▸ EXERCISE REQUIREMENTS: Everything in the entries except the pictures must be repeated exactly.
-------- MATERIAL FOR THIS TASK
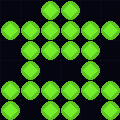 47.128.2.251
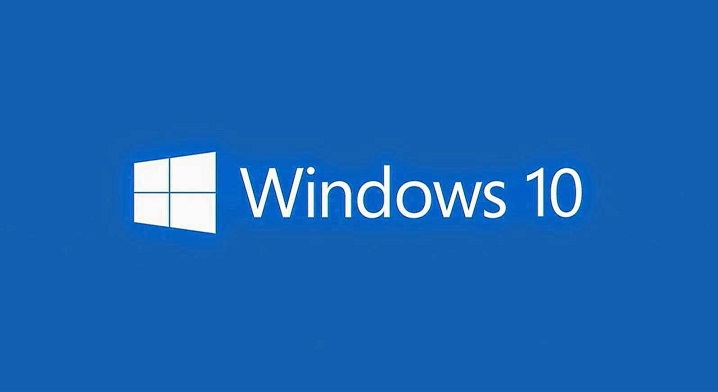 Win11正式版推送时间官宣 微软开始踢内测了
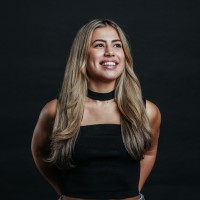 Alianet Valdes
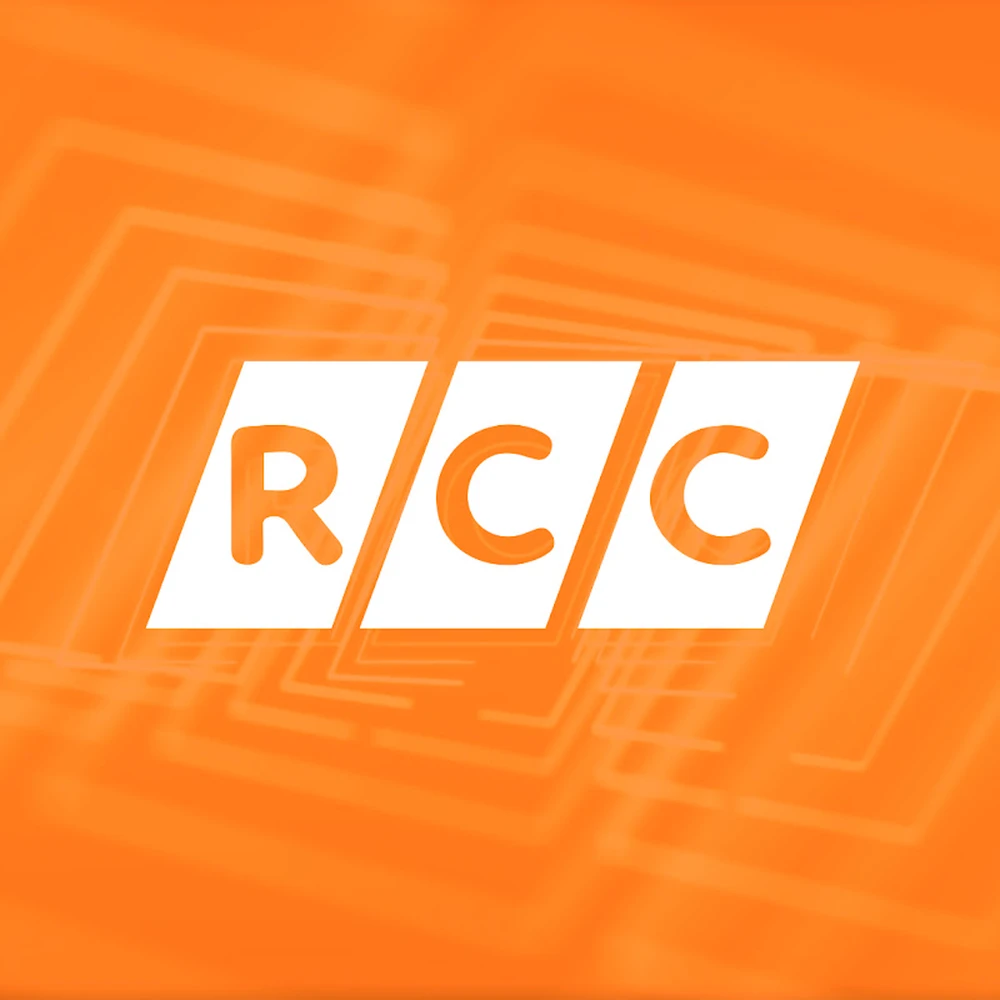 RCC TV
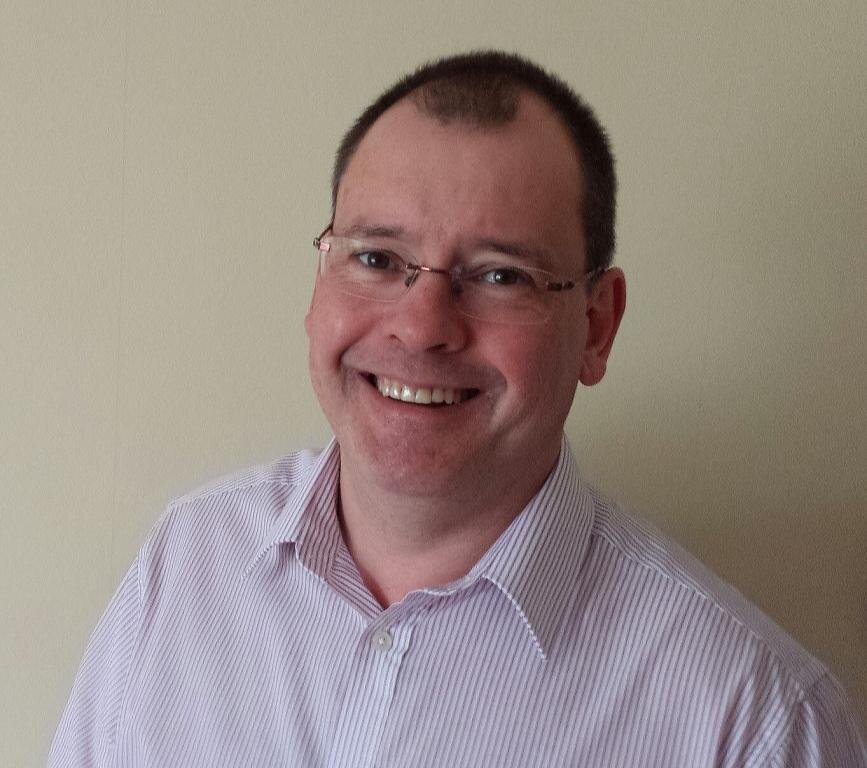 Jim_the_Mentor Profile Picture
----------------
▸ COMPLETED EXERCISE:
 47.128.2.251
 Win11正式版推送时间官宣 微软开始踢内测了
 Alianet Valdes
 RCC TV
 Jim_the_Mentor Profile Picture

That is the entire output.